POUVEZ-VOUS VOUS PRÉSENTER PROFESSIONNELLEMENT EN QUELQUES MOTS ? VOTRE PARCOURS, VOTRE DOMAINE DE RECHERCHE, VOTRE LABO, LE LIEU OÙ VOUS ÊTES SITUÉ, VOS INTERACTIONS AVEC L’UL ET LE CNRS ?

Après quelques années d’enseignement dans le secondaire, j’ai été élue maître de conférences en histoire médiévale à l’Université de Lorraine (site de Nancy) en 2011, au sein du Centre de Médiévistique Jean Schneider, une équipe de recherche labellisée (ERL) du CNRS. J’ai ensuite rejoint le Centre de Recherche Universitaire Lorrain d’Histoire (CRULH).

De mon expérience dans le secondaire, j’ai retenu l’importance de la pédagogie et de la transmission.
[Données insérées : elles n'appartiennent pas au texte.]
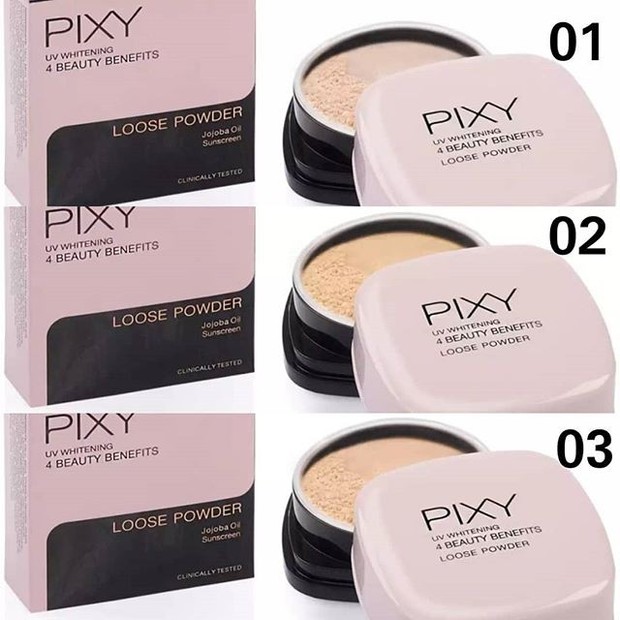 PIXY UV Whitening Loose Powder (sumber : lazada.co.id/samaharga2)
Responsable du master MEEF parcours Histoire-Géographie et Lettres-Histoire-Géographie pendant plusieurs années, j’ai intégré le jury du CAPES externe d’Histoire-Géographie en 2020 et vient d’être nommée vice-présidente de ce même concours pour les deux prochaines années.

Mes recherches actuelles se placent dans la continuité de mon travail de doctorat, qui portait sur le pouvoir princier au XIVe siècle. Après la parution de ma thèse (Le gouvernement de la comtesse Mahaut en Artois (1302-1329), Brepols, ARTeM 18, 2014), j’ai publié une biographie de Mahaut, comtesse d’Artois (Mahaut d’Artois, une femme de pouvoir, Perrin, 2015). Je suis aussi auteur d’un ouvrage intitulé Louis X, Philippe, Charles IV. Les derniers Capétiens, publié en 2019 aux éditions Passés Composés.

Je m’intéresse donc au genre biographique, genre hybride, relevant de la littérature et de l’histoire, du récit (aspect narratif) et du discours (aspect historique), qui connaît aujourd’hui un important renouveau, aussi bien dans la société que dans le monde universitaire. Ces travaux m’ont aussi conduite à explorer les sources littéraires médiévales, qui forment le corpus principal de l’Habilitation à diriger des Recherches dans laquelle je m’engage cette année.

POURQUOI AVOIR VOULU VOUS ENGAGER EN QUALITÉ DE RESPONSABLE D’AXE AU SEIN DE LA MAISON ?

La MSHL est une institution essentielle dans le paysage de la recherche en SHS. Les financements offerts, les compétences des personnels d’appui sont de solides atouts pour les projets qu’elle abrite. J’ai personnellement participé au projet AMPLorr (Actes médiévaux des princes lorrains : vers un corpus numérisé), financé par la MSHL en 2016, ce qui m’a permis de mesurer l’importance de la structure dans le paysage de la recherche. Être responsable scientifique de l’un des axes de la MSH, c’est s’impliquer dans un dispositif qui occupe une place primordiale dans la recherche en SHS.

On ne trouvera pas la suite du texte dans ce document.